Deposit Interest Rate Reaches 40.1% by 2023, MB Holds Top Spot in CASA for 2nd Consecutive Year

Thanks to our pioneering efforts in digital banking, 2023 marks the third consecutive year that MB has attracted over 6 million new customers annually, bringing the total number of customers served to 27 million.


MB – Vietnam Joint Stock Commercial Bank for Industry and Trade (MB, stock code MBB) has recently announced its business results for 2023. Accordingly, MB has experienced strong growth in terms of scale, with total assets reaching approximately VND 950 trillion, a growth of nearly 30%. It maintained a CASA ratio of over 40% and effectively managed operating costs, while reaffirming its leading position in the digital transformation race in the banking industry.

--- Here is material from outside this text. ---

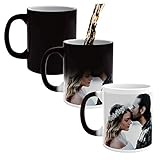 Custom Coffee Magic Mugs - Heat Sensitive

Strong growth in all key indicators

In 2023, MB maximized the credit room approved by the State Bank of Vietnam, with the bank’s credit growth reaching 28.2%. Loans for priority sectors accounted for 65% of the total loan portfolio. MB adjusted interest rates 7 times in 2023, reducing rates by 2% – 4% to support customers’ access to capital, assist in overcoming difficulties, and foster economic growth.

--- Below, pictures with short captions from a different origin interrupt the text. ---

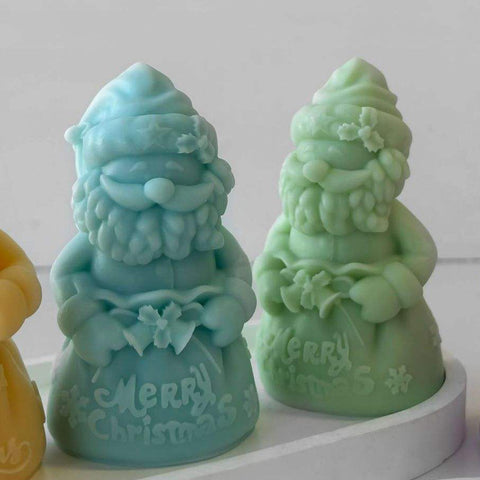 Smello 3D Santa Silicone mould for Candles, Soap & Resin (SCM 264)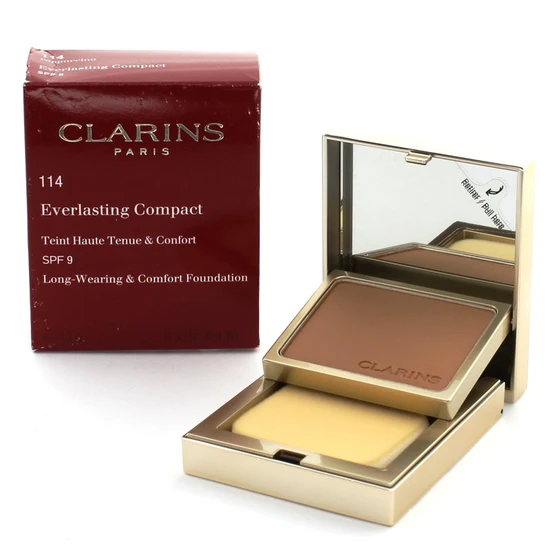 Clarins Everlasting Compact Foundation 114 Cappuccino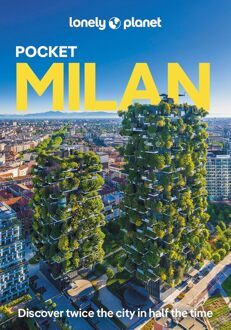 Reisgids Pocket Milan - Milaan | Lonely Planet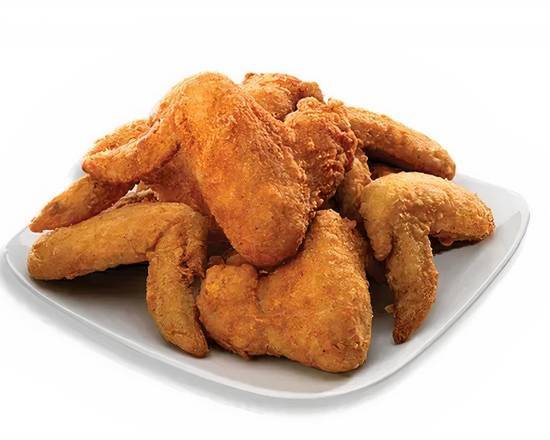 Order Jumbo Whole Wings  food online from Happy's Pizza store, Westland on bringmethat.com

MB maintained sustainable customer growth, with a total of nearly 27 million MB customers as of December 31, 2023. In 2023, MB attracted over 6 million new customers (6.2 million in 2021, 6.9 million in 2022, and 6.3 million in 2023). The transaction ratio on MB’s digital channels reached 97%, and MB’s transaction volume through the NAPAS system ranked first for 3 consecutive years (2021-2023). These impressive numbers were largely attributed to MB’s long-term technology investment strategy, which enabled the bank to continuously expand its growth space and serve large-scale customers. MB’s digital platforms continue to demonstrate their market attractiveness, with the MBBank app being the most downloaded banking app on the Vietnamese App Store for the past three years, currently serving 22.4 million users.

In the past year, MB recorded 3.6 billion non-cash payment transactions, a 1.5-fold increase compared to 2022. Revenue from MB’s digital platforms accounted for 24.4% of the bank’s total revenue. “In the next 4 years, MB aims to have 50% of its revenue come from digital platforms.” – said Mr. Luu Trung Thai – Chairman of the Board of Directors.

Maintaining “CASA leader” with over 40% and impressive growth in card business

MB maintained a stable CASA ratio, with a CASA ratio of 40.1% in 2023. Therefore, MB officially maintained its leading position in CASA among Vietnamese banks for the second consecutive year (Techcombank ranked second with a CASA ratio of 39.9%).

The bank’s customer deposits reached VND 569.640 trillion, a 27.3% increase compared to the beginning of the year. CASA balances in 2023 also grew by nearly 27% compared to 2022.

The card business of MB has recently undergone impressive transformations through the continuous launch of new card products such as Hi ShopeeFood, Hi Slay-dy, MB Stellar payment bracelet, Hi Sky Card… These are standout products in MB’s Hi Collection card series, which have made waves in the market due to their striking designs, leading 2-in-1 card features, and simple and fast card registration on the MB app.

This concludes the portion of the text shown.